This bill makes it easier and cheaper to carry out floodplain and habitat restoration—potentially reducing long-term flood risk—while also allowing modest increases in base flood elevations and adding administrative and fiscal burdens that could shift costs to communities, property owners, and taxpayers unless FEMA guidance and funding offsets are implemented promptly.
Local governments, nonprofits, and nearby communities can permit and carry out ecosystem and habitat restoration projects with lower upfront regulatory cost because affected projects can avoid FEMA map-change request fees and limited increases in base flood elevation (up to 1 foot) will not automatically trigger penalties if no structures are harmed.
Communities gain clearer, time-bound federal coordination because FEMA must consult resource agencies and issue implementation guidance within 180 days, which should reduce regulatory uncertainty and help local planners and agencies coordinate restoration work.
Local governments and project proponents are required to perform post-project analyses within 180 days, creating more timely monitoring and accountability for flood impacts after restoration projects are completed.
Local governments will face added administrative burden and costs to certify engineering reports and produce 180-day post-project analyses, increasing staffing and compliance expenses for municipalities and counties.
Homeowners and nearby properties could face modestly higher flood risk because allowing up to a 1-foot rise in base flood elevation may alter flood dynamics and increase exposure for properties not designated as insurable or critical infrastructure.
Fee exemptions for map-change requests reduce FEMA fee revenue or increase workload without dedicated offsetting funds, potentially shifting costs to taxpayers or other FEMA programs.
Based on analysis of 2 sections of legislative text.
Expands FEMA fee exemptions to ecosystem restoration projects, allows limited floodway changes under conditions, requires 180-day post-project analyses, and directs FEMA guidance within 180 days.
Introduced May 1, 2025 by Patty Murray · Last progress May 1, 2025
Expands which restoration projects can get FEMA flood map fee waivers and lets communities permit certain ecosystem restoration work inside regulatory floodways that may raise base flood elevations a small amount.
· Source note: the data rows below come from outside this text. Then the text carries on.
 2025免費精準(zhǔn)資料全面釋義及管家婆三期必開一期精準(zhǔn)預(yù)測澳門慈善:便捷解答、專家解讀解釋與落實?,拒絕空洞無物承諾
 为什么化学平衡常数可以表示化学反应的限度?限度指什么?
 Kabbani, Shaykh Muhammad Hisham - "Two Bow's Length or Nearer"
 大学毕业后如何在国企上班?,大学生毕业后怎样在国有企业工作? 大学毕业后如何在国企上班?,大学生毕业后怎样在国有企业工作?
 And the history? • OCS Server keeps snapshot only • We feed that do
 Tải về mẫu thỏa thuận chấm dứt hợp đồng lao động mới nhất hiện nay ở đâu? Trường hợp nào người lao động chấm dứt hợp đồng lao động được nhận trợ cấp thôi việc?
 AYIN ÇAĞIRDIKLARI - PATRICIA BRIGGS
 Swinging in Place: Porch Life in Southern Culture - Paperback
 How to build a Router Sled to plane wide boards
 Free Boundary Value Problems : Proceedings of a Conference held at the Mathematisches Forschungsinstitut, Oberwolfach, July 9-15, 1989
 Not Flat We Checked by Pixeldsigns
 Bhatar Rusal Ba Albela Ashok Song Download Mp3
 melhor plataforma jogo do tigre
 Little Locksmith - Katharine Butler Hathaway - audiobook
Requesters of covered projects are exempt from FEMA review/processing fees, communities can allow projects that raise the base flood elevation up to one foot (or a larger amount approved by FEMA) so long as no insurable structures or critical infrastructure are harmed, and communities must submit a post-project analysis within 180 days after project completion. FEMA must consult natural resource agencies and issue implementing guidance within 180 days of enactment.